Dopo il Covid la scuola torna a bocciare: «Ha perso un’occasione per rinnovarsi»

Il pedagogista Raffaele Mantegazza sull’aumento del numero di studenti respinti - «Si insiste a rincorrere l’accumulo di conoscenze e la misurazione, serve meno pressione»

La scuola è tornata ai modelli pre Covid, che se non funzionavano allora funzionano ancora meno adesso.

È l’opinione di Raffaele Mantegazza, comasco, professore associato di Scienze Pedagogiche presso il dipartimento di Medicina e Chirurgia dell’Università degli Studi Milano Bicocca. Se il Covid ha rappresentato una cesura spesso drammatica nella crescita cognitiva e psicologica dei ragazzi, la scuola non ha saputo cogliere la portata epocale della cosa e mettersi al passo rinnovando le proprie competenze.

La riflessione è a margine dei primi dati sull’andamento dell’anno scolastico, con un incremento delle bocciature alle superiori non drammatico ma significativo se è vero che riporta il tasso dei respinti a prima della pandemia.

«Penso che la scuola stia rischiando di perdere una grande occasione - dice Mantegazza - Dopo il Covid avrebbe dovuto ripensare il proprio ruolo, sarebbe stata necessaria una pausa di riflessione per capire che non si doveva insistere a proporre montagne di contenuti e di verifiche e a mettere sotto pressione i ragazzi. Era il momento di rallentare e di riflettere sul fatto che quello che i ragazzi hanno perso durante il Covid sono state esperienze importanti, non solo delle cose da sapere».
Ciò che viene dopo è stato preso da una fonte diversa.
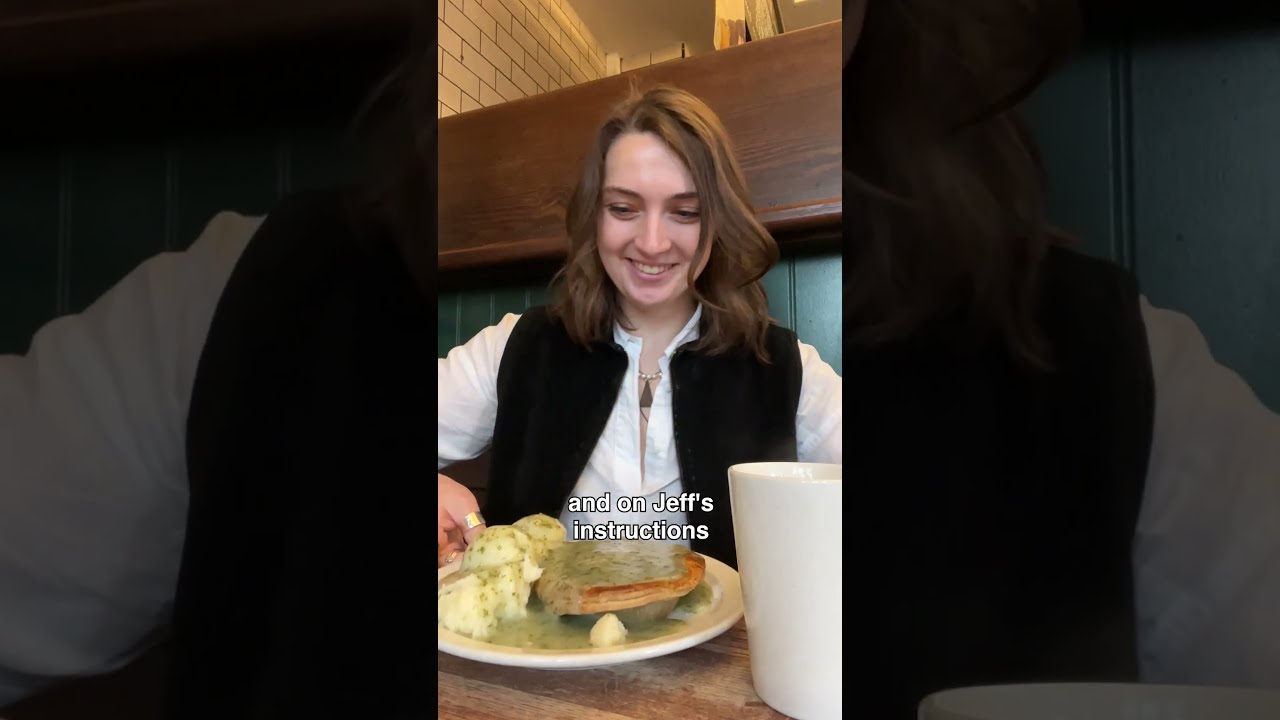 This 134 Year Old Pie Mash Shop Is The Best In London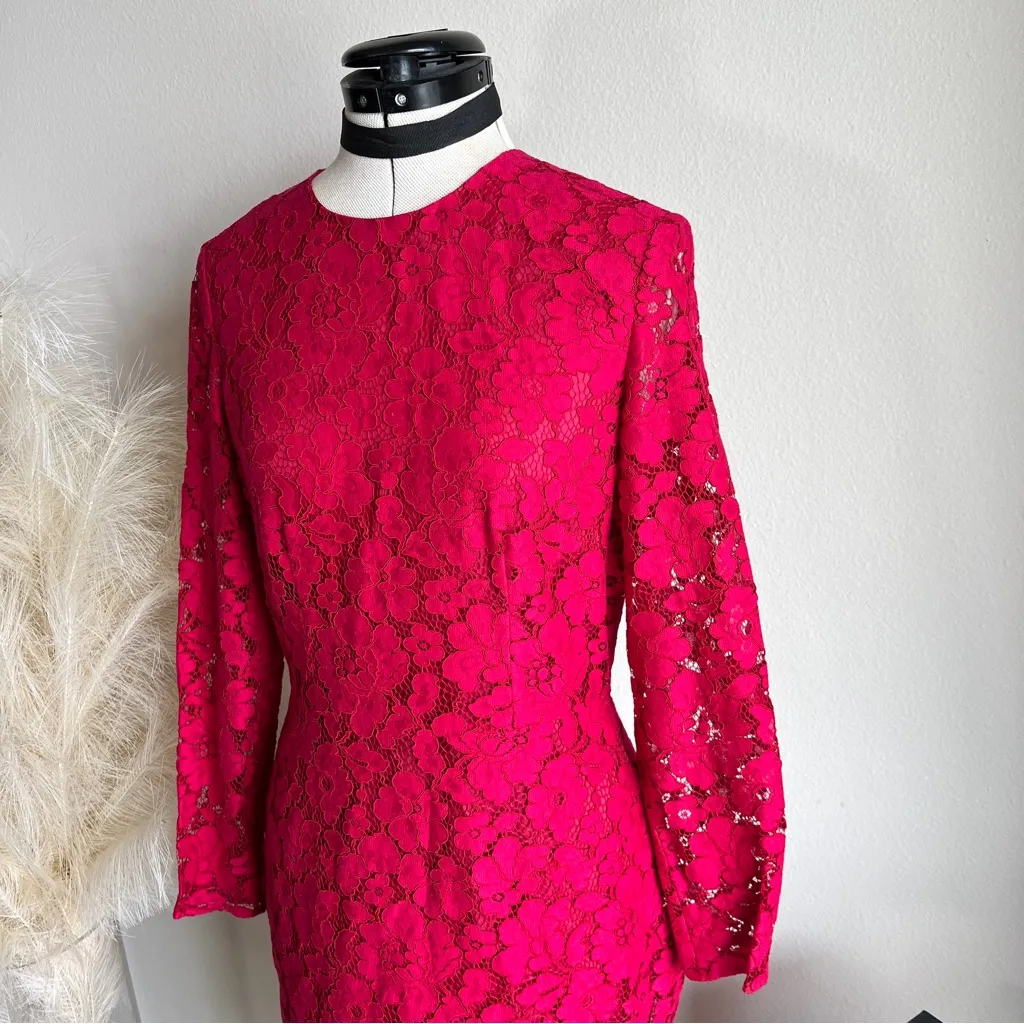 Carolina Herrera Red Lace High Neck Above Knee Sheath Dress - Image 6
Il dato delle bocciature in aumento non deve quindi essere letto solo come un indicatore delle (possibili) difficoltà dei ragazzi, ma soprattutto come una tendenza della scuola a riposizionarsi sul modello pre-pandemia: «È un dato inquietante - prosegue il pedagogista comasco - sembra che tutto si riduca a una misurazione delle conoscenze e della prestazioni, e c’è sempre questo spettro del “fermare” i ragazzi. Questo ci deve far riflettere»,

Ancora oggi, sottolinea Mantegazza, le ultime settimane di scuola sono una rincorsa insensata alle verifiche e ai voti: «A maggio gli insegnanti continuano a dire che gli mancano i voti, ma com’è possibile? È scandaloso, maggio dovrebbe essere il mese in cui si rallenta, i ragazzi sono stanchi, e invece si caricano di nuove e più forti pressioni. Si arriva alla fine della scuola sempre in corsa, con l’ossessione di recuperare conoscenze che sono inutili. Questi difetti la scuola li aveva già prima del Covid, ma non li ha migliorati».

Cosa dovrebbe fare invece la scuola? «Cercare di far vivere con meno ansia e più serenità la trasmissione di contenuti che restino nel tempo e che i ragazzi riescano a fare propri. Invece siamo fermi a questa didattica trasmissiva, tutta verifiche e misurazione, che ai ragazzi non serve».

In questo fallimento per Mantegazza c’è anche lo spazio per riflettere sulla tragedia di Casal Palocco e su quello che sta succedendo a questa generazione: «I ragazzi cercano sui social sfide sempre più estreme, un atteggiamento distruttivo. La ricerca della sfida è tipica dell’adolescenza, anche in questo caso compito di noi adulti e della scuola sarebbe quello di porre sfide legate alla conoscenza, alla cultura, alla bellezza, obiettivi sfidanti ed emozionanti ma legati al desiderio di crescere e migliorarsi».